For applications and building components in which the sheet material is subjected to low stretching (for example, <200%) in downstream thermal forming processes, sheet materials having at least one foamed layer, called foam layers, can be used. The compact cover layer can be reduced and constructed in a thickness of 0.2-0.8 mm for a density of >800 kg/m3. The foamed layer is generally constructed having a density of 20-200 kg/m3 and a thickness of 0.5-4.0 mm. The foamed layer reacts elastically to pressure stress, as a result of which pleasant haptic properties in response to pressure of the building components are achieved. Owing to the low density of the foamed layer, the weight of the building components falls, as does the raw material requirement necessary for the production.
Generally, a plastic foamed material based on a polyolefin composition is produced as follows: 5-100% by weight of one or more polyethylene-based plastics (these are understood to include polymers, the weight fraction of ethylene of which is >50% by weight) and also optionally 0-95% by weight of one or more polypropylene-based plastics (these are understood as including polymers, the weight fraction of polypropylene of which is >50% by weight) are mixed with a crosslinking agent and a chemical propellant (foaming agent) and also other process additives such as, for example, lubricants, stabilizers and pigments. A film is produced therefrom, for example, by extrusion. This film is exposed in the downstream process to a source of ionizing radiation, in such a manner that the melt strength is increased by molecular weight build up (crosslinking) in the plastic. In a subsequent heating process, using the propellant, a flat plastic foam material is obtained having a density of 20-200 kg/m3 and a thickness of 0.5-4.0 mm. The foaming process can be carried out vertically in a foam oven or horizontally, for example, in a salt bath. The above described chemically driven foam process leads to fine-celled foams having a very uniform foam cell distribution. Such foams are described, for example, in DE 102005050524 A1.

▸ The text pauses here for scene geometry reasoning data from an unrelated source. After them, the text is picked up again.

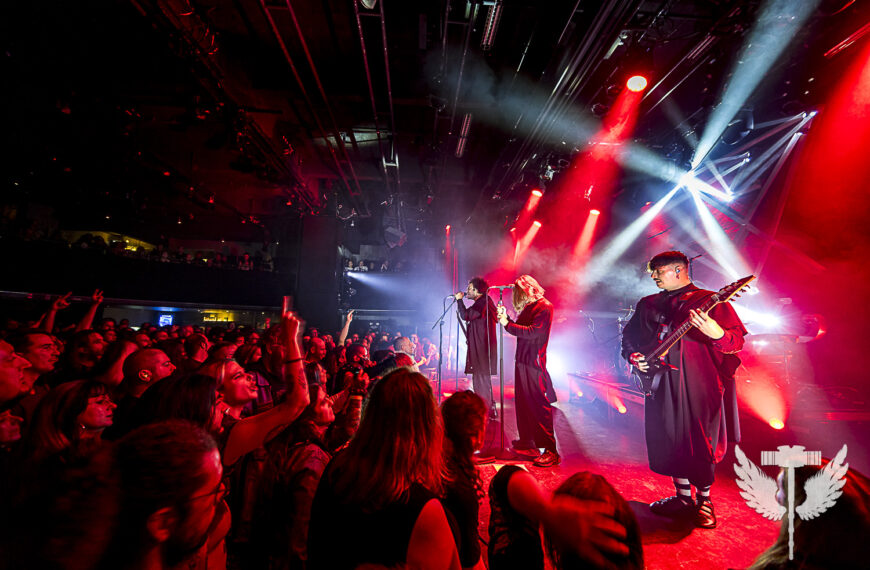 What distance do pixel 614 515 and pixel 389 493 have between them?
0.70 metres

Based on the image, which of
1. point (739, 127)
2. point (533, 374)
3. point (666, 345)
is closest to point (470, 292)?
point (533, 374)

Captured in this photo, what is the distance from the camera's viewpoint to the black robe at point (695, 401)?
278 cm

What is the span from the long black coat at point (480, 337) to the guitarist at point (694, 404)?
237 centimetres

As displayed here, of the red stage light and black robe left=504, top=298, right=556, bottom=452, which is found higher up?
the red stage light

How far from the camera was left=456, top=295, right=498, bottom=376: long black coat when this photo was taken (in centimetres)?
523

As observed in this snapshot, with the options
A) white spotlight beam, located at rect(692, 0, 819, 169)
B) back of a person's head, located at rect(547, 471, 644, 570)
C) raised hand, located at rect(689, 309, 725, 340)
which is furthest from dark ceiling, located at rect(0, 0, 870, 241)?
back of a person's head, located at rect(547, 471, 644, 570)

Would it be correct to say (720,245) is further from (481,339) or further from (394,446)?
(394,446)

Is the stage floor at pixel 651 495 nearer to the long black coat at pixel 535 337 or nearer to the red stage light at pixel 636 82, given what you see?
the long black coat at pixel 535 337

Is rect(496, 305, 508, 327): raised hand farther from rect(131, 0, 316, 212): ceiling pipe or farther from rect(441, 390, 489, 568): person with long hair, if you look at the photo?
rect(131, 0, 316, 212): ceiling pipe

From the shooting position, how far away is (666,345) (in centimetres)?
298

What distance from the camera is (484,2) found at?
457 cm

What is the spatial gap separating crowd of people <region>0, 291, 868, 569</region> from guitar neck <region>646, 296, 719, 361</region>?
2165 millimetres

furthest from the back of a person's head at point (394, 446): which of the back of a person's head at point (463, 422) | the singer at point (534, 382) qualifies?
the singer at point (534, 382)

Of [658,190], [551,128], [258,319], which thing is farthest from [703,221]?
[258,319] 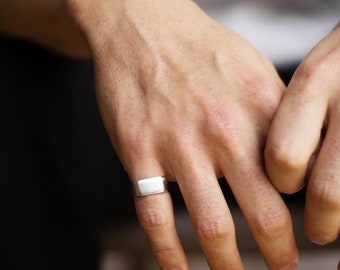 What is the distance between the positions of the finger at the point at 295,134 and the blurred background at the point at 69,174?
27 cm

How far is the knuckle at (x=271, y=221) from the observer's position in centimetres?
67

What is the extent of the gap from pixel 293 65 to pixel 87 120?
16.3 inches

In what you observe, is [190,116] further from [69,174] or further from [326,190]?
[69,174]

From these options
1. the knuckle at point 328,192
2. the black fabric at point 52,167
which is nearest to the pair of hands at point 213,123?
the knuckle at point 328,192

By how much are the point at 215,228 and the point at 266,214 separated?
0.07 metres

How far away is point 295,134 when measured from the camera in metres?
0.66

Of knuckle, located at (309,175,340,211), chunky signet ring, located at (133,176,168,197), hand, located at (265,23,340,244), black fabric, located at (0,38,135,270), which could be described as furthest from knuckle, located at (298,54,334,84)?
black fabric, located at (0,38,135,270)

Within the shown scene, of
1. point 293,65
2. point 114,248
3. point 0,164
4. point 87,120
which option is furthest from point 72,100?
point 293,65

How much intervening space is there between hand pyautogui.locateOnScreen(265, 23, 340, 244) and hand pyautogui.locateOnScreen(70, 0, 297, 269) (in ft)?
0.10

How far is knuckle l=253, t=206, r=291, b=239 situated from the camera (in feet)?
2.21

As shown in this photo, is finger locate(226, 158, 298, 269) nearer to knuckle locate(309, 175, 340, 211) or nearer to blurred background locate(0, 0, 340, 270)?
knuckle locate(309, 175, 340, 211)

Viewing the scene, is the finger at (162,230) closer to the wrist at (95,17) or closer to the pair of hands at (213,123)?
the pair of hands at (213,123)

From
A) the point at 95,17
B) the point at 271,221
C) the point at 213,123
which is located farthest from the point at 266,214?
the point at 95,17

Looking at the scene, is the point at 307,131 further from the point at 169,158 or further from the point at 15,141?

The resultant plastic foam material can then be joined thermally or by adhesion to surface materials such as, for example, sheet materials based on polyolefins, PVC or polyurethanes, in such a manner that a multi-layer flat material having at least one foamed layer is formed. The surface of the multi-layer flat material can be constructed by an embossing process having a three-dimensional structure, called grain.
The resultant flat material can then be brought into a desired form by processes such as thermoforming, in-mold graining or low-pressure molding. These forms or bodies are used in aircraft, railway vehicles, ships and in motor vehicles, in particular as motor vehicle interior linings or lining components.
U.S. Pat. No. 4,473,665 describes a method in which a plastic foam material based on a polyolefin composition is produced, in that the polymer mixture is loaded above the glass transition temperature with an inert gas at superatmospheric pressure and this gas-loaded melt is then expanded and cooled below the glass transition temperature. According to this method principle, a polyolefin-composition-based plastic foam material having a density of 20 kg/m3-800 kg/m3 may be generated via extrusion or an injection molding process. Sheet materials generated by this principle in the density range <100 kg/m3 generally exhibit a coarse-cell foam structure having a relatively broad cell size distribution.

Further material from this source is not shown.